Quel dolore espresso con pacata dignità si impresse nella mia memoria a tal punto che ancora oggi, nella cornice offerta dall'armoniosa coralità del pasto condiviso con altri commensali seduti in circolo intorno al maadi, ogni boccone rappresenta la conferma della vittoria dell'uomo sulla natura avara e spesso ostile ed il pezzetto di inghiera che porto alle labbra suggella l'intrinseca sacralità del cibo.Elvira Romano
aprile 2009
Anghera o injera?
Io opto per anghera, perché così l'ho conosciuta le prime volte che la ricordo, quando Ametè tornava dal suo giorno libero la domenica sera con lo zighinì che le aveva dato sua mamma. Era dentro una contenitore smaltato, foderato di strati di anghera intercalati da zighinì di carne. Ametè ci chiamava in cucina e, accoccolate intorno a lei, si attingeva dal contenitore. Era un rito privato, tra noi e Ametè ed era bellissimo e buonissimo!!!
Davanti la palazzina dove abitavano anche le famiglie di Paoletta Comini e di Riccardo Pizzimento c'era un posto dove vendevano l'anghera. Quando si usciva dal Bottego dopo le lezioni pomeridiane, si arrivava fin là per comperare l'anghera della merenda. Calda, un po' appiccicosa, spolverata di berberè e sale, la si doveva inghiottire a piccoli bocconi, per non rischiare di incoconarsi ma quale Nutella!
Quando passiamo da Roma, facciamo la scorta di anghere da portare a casa, che poi divido in pacchetti da 4 e surgelo.
Quella volta, era il periodo natalizio, tornando a Venezia, siamo stati dirottarti su Trieste per nebbia.
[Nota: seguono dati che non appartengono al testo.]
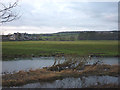 SD5190 : Watercrook Farm and the River Kent by Karl and Ali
Arrivati all'aeroporto Ronchi dei Legionari, non c'è un bar aperto o un distributore automatico usufruibile e i ragazzi cominciano ad avere fame. Saliti sul pullman che ci porterà a Venezia, mi viene in mente la scorta di anghere che ho nella borsa a mano ai miei piedi e quindi comincio a pescare e tiro fuori dei brandelli di anghera che distribuisco ai ragazzi, a Vanni e me. L'armeggio non passa inosservato e avverto gli sguardi curiosi degli altri passeggeri. Cerco allora di esaminarmi con i loro occhi. E' come se io stessi attingendo dall'imbottitura del sedile tirando fuori dei lembi di gommapiuma per mangiarli lo dico a Vanni e cominciamo a ridere. Mangiamo brandelli di anghera e ridiamo, acuendo così la perplessità degli astanti, tanto che al colmo dell'ilarità notiamo che una mamma con disdegno fa voltare la testa al suo bambino che ci sta osservando curioso!
Anghera o injera o inghiera: in fin dei conti, che importa? E' sempre lei, schiettamente acidula, saporita e generosa nel suo conviviale proporsi stesa sotto il cibo, catturandone aroma e sapore. E' al tempo stesso cibo, piatto e posata e quando la "tovaglia" di anghera è finita, è finito anche il pranzo.